Moving homes can be one of the most stressful events in life. The thought of selling your home, negotiating your next purchase, and hoping that everything goes smoothly can be overwhelming. Whether you are a seasoned mover or a first-time homebuyer, every transaction is different and comes with its own set of challenges.
At A E Thomson, we believe that seeking the right mortgage advice before putting your house on the market can help alleviate some of the obstacles and stresses that come with moving. By understanding your maximum affordable borrowing capacity, potential moving costs, anticipated equity from the sale of your property, and any additional deposit funds, we can determine your budget for your next home.
Once you’ve determined your budget, you can begin searching for the most suitable estate agent to help sell your current home.
One of the crucial costs to consider when moving is the terms of your current mortgage. If you plan to move while tied into an interest rate, you may face Early Repayment Charges if you sell your home and repay your existing mortgage early.
Depending on your circumstances and market conditions, you may have the option to move your current mortgage to your new home, avoiding these penalties. This is known as ‘porting’ your mortgage. Seeking advice early in the process can help identify whether an Early Repayment Charge is a realistic cost you’ll have to factor into your overall moving costs.
What other moving costs are there?
If you’re planning a move, it’s important to keep in mind the various costs that may come up in addition to the actual move itself. Here are a few factors to consider:
- Estate Agency Fees An estate agent fee is usually charged once your sale is complete. This fee typically amounts to a percentage of the sale price, such as 1% – 1.5% + VAT. The estate agent will receive payment directly from your solicitor using the equity from your sale. Depending on the level of service you require, estate agent fees may fluctuate.

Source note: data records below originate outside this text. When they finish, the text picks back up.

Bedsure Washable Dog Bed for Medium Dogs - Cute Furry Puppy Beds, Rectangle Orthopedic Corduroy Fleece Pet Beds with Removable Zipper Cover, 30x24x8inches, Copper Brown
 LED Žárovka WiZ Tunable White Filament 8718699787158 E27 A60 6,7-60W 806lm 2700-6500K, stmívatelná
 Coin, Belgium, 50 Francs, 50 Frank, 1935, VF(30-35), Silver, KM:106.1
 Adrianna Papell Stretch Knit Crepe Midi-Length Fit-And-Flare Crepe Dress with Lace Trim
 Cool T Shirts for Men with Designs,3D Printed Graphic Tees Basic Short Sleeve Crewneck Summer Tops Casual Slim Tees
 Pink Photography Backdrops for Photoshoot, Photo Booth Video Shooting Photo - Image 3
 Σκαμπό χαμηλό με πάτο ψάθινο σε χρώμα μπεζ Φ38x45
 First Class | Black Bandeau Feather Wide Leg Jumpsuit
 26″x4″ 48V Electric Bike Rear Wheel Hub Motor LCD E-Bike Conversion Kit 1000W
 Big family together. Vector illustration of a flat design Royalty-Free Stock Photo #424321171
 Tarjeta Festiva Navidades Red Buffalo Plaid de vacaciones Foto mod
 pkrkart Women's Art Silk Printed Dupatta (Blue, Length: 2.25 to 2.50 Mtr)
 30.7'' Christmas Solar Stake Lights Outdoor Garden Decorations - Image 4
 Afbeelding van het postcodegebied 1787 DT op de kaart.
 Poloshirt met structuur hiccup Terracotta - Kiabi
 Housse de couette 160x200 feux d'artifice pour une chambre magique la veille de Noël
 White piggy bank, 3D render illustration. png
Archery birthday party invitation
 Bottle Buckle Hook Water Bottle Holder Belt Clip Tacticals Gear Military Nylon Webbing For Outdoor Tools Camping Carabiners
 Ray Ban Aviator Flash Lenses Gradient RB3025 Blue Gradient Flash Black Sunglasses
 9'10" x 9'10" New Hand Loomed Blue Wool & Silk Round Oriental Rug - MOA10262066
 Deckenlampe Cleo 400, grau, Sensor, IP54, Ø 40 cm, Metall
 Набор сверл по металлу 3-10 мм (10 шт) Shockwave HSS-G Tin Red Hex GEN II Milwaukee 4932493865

- Solicitor / Conveyancing Fees When you’re moving, you’ll need a solicitor to handle the sale of your home, as well as the legal work involved in your purchase. As a result, solicitor fees are higher than they would be for a first-time buyer. The cost of a solicitor varies depending on factors such as the type of service you require and your individual circumstances. Some common additional fees associated with solicitors include fees for the source of deposit, property type, leasehold property, and new builds. At A E Thomson, we have access to an extensive national panel of solicitors that can cater to your unique requirements. Our software is designed to streamline the process by breaking down potential costs based on the critical details of your transaction.
- Stamp Duty Depending on your circumstances and the purchase price of your new property, you may need to budget for Stamp Duty Land Tax, which is a tax paid by the purchaser upon completion of a property purchase. For further guidance on stamp duty, you can use https://www.gov.uk/stamp-duty-land-tax. For most home movers you can seek confirmation from your solicitor, however, for more complex scenarios e.g. multiple properties, foreign nationals you may need to speak to a specialist tax advisor.
- Lender Fees Lenders typically charge an Application Fee, Valuation Fee and a Product Fee. We will provide you with a clear breakdown of all applicable fees when we make our recommendations. Keep in mind that some lenders don’t charge these fees, so we’ll only recommend those that best fit your individual needs and preferences.
- Survey Fees It’s always a good idea to conduct your own survey of the property you’re interested in purchasing, so you can identify any potential issues and costs. There are two main types of surveys – Level 2 and Level 3. Depending on the age and condition of the property, we’ll help you decide which survey is most suitable. We work with The Moving Portal to provide you with quotes and to find a suitable surveyor in your area. If you’re interested in learning more about surveys, do not hesitate to contact us.
- Broker Fee If you’re using a broker, you may be charged a fee depending on their fee model and service. We charge a fee for our service, which we will outline in the initial meeting. We will never submit an application without your prior consent and signed fee agreement.
- Moving / Removal Fees Often, the sale of your old property and the purchase of your new one will occur at the same time. This means that you may need to hire a removal company to transfer your possessions to your new home.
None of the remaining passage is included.